Madeleine erlebt mit Leonard höchstes Glück, vor allem jedoch Ausnahmezustand. Liebe und Leben geraten aus den Fugen, ohne dass irgendetwas sicherer wird. Der Not gehorchend, ziehen beide nach einer Hochzeit, die das Elend des Erwachsenwerdens anfacht, ins Haus von Madeleines Eltern: »Es war, als hätte Leonard seine heiße, muffige Einzimmerwohnung mitgebracht, und jeder, der bei ihm sein wollte, müsste sich ebenfalls in diesen heißen seelischen Raum quetschen. Es war, als müsste Madeleine, um Leonard ganz zu lieben, in denselben dunklen Wald wandern, in dem er sich verirrt hatte.«

Der Autor lässt seinen Schlüsselpersonen durchweg die Gerechtigkeit widerfahren, eine Eigenschaft, der sich schon die Protagonisten der Vorgänger-Romane erwärmen konnten. Eugenides hat feinen Humor, Rothschen Nerv für Lakonie und (Hermann) Kantschen Sinn für Ironie. Über seine Ahnenheimat Anfang der 80er Jahre: »Ständig gab es Demonstrationen, gegen die Regierung, gegen die Einmischung der CIA, gegen den Kapitalismus, gegen die NATO und für die Rückgabe der Marmorskulpturen des Parthenons.

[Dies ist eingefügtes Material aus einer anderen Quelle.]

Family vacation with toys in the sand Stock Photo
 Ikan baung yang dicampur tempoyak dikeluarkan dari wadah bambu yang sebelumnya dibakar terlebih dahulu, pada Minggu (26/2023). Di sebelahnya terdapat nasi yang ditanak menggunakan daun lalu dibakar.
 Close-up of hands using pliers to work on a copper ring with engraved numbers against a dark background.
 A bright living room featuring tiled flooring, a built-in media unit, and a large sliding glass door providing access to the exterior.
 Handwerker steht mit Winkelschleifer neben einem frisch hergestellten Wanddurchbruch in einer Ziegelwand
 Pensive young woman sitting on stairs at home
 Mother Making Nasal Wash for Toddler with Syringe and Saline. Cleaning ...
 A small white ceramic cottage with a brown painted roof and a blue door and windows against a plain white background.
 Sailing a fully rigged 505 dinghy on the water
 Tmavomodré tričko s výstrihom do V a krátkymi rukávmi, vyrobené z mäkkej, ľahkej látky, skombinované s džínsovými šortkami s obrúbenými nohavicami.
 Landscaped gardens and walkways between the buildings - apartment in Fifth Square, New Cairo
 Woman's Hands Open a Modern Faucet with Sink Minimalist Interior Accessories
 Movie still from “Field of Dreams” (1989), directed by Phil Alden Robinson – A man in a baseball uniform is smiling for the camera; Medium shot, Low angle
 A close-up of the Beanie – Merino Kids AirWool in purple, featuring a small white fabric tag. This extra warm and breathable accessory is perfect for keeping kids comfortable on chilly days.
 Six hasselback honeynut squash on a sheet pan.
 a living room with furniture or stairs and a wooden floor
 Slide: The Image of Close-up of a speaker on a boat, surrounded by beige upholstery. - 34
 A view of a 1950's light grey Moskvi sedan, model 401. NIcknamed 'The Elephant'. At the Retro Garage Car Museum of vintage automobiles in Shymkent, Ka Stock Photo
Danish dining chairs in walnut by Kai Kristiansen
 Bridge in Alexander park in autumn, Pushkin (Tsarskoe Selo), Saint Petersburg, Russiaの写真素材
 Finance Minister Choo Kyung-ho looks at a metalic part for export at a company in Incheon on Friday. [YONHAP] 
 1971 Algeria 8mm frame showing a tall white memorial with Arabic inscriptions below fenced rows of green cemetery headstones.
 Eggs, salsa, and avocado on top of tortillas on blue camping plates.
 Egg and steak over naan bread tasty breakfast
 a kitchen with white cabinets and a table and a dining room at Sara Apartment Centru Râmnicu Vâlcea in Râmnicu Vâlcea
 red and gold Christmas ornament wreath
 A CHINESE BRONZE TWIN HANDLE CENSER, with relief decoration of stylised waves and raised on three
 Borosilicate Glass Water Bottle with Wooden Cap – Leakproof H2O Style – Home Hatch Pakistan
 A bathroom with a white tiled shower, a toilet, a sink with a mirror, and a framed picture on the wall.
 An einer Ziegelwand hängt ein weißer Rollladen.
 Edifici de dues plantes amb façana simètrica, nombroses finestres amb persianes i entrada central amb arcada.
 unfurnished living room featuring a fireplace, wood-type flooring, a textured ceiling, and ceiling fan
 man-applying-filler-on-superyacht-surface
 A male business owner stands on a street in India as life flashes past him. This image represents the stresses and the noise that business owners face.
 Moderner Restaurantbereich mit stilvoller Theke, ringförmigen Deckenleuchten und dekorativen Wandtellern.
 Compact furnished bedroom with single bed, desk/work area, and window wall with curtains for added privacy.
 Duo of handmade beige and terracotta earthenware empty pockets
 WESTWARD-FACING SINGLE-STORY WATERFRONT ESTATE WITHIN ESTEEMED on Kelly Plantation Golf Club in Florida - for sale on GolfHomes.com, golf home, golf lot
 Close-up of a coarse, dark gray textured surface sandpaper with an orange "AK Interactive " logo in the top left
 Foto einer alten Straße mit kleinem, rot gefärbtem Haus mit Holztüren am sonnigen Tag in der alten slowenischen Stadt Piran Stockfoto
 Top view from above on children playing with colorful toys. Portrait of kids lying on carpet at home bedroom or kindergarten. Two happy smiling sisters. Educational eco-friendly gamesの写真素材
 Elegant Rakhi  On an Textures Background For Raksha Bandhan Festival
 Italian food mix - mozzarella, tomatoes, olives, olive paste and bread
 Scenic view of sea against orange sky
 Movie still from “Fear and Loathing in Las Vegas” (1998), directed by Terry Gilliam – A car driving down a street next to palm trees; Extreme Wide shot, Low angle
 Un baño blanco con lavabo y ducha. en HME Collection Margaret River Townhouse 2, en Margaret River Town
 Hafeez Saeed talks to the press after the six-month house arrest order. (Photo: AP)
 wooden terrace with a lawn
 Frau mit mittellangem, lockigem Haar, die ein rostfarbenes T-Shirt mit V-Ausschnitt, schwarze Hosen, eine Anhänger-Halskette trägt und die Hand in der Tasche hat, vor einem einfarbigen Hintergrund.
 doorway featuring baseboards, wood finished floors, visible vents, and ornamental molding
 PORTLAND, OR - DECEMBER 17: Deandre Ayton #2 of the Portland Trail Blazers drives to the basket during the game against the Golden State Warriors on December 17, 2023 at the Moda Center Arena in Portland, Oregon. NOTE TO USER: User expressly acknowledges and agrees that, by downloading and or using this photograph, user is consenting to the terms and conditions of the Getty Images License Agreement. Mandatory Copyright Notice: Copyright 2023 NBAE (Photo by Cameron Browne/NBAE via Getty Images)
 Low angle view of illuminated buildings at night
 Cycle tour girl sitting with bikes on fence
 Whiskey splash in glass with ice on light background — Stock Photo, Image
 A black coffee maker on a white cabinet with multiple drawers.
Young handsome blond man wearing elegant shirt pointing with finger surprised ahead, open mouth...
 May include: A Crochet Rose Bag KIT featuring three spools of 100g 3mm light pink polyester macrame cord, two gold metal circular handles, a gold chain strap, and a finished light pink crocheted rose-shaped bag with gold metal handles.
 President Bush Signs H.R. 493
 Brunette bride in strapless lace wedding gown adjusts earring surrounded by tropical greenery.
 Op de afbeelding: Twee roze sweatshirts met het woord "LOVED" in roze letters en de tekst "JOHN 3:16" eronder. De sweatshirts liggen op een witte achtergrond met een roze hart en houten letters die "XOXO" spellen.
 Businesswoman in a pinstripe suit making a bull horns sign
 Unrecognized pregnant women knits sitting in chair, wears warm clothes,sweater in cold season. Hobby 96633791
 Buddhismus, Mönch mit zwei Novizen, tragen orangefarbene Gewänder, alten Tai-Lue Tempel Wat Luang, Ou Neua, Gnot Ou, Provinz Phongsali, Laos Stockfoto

Griechenland, die Wiege der Demokratie, vor Kraft strotzend durch Redefreiheit. Jeder in den Kaffeehäusern hatte eine sachkundige Meinung, und keiner brachte etwas zuwege.«

Dass sein dritter Roman ein schöner, wenn auch kein ganz großer Wurf geworden ist, erklärt sich mit einigen Schwachstellen: Der Marriage Plot irritiert mehr als er erhellt. Auch bei einem Buch, das nicht auf Tagesaktualität zu zielen braucht, wirkt der viktorianische Plot Ende 2011 etwas irrelevant. Die ewige Geschichte von Erwachsenwerden, Liebe und Scheitern, das immer währende Drama um die Tolstoische Frage, worin das menschliche Drama besteht, machen diese Gefahr wett. Aber sie sind eine Einschränkung. Die Hauptpersonen schließlich leiden an gewisser Figurenblässe: Mitchells opake Religiosität erscheint in Entstehung wie Ausübung eher überraschend als nachvollziehbar. Leonards Persönlichkeitsstörung ist besser zu begreifen als Leonards Persönlichkeit. Und Madeleine wird fast ganz auf ihre Fähigkeit reduziert, auf Personen, Probleme und Peinlichkeiten zu reagieren.

Jeffrey Eugenides: Die Liebeshandlung. Roman. Aus dem Engl. von Uli Aumüller und Grete Osterwald. Rowohlt. 624 S., geb., 26,95 €.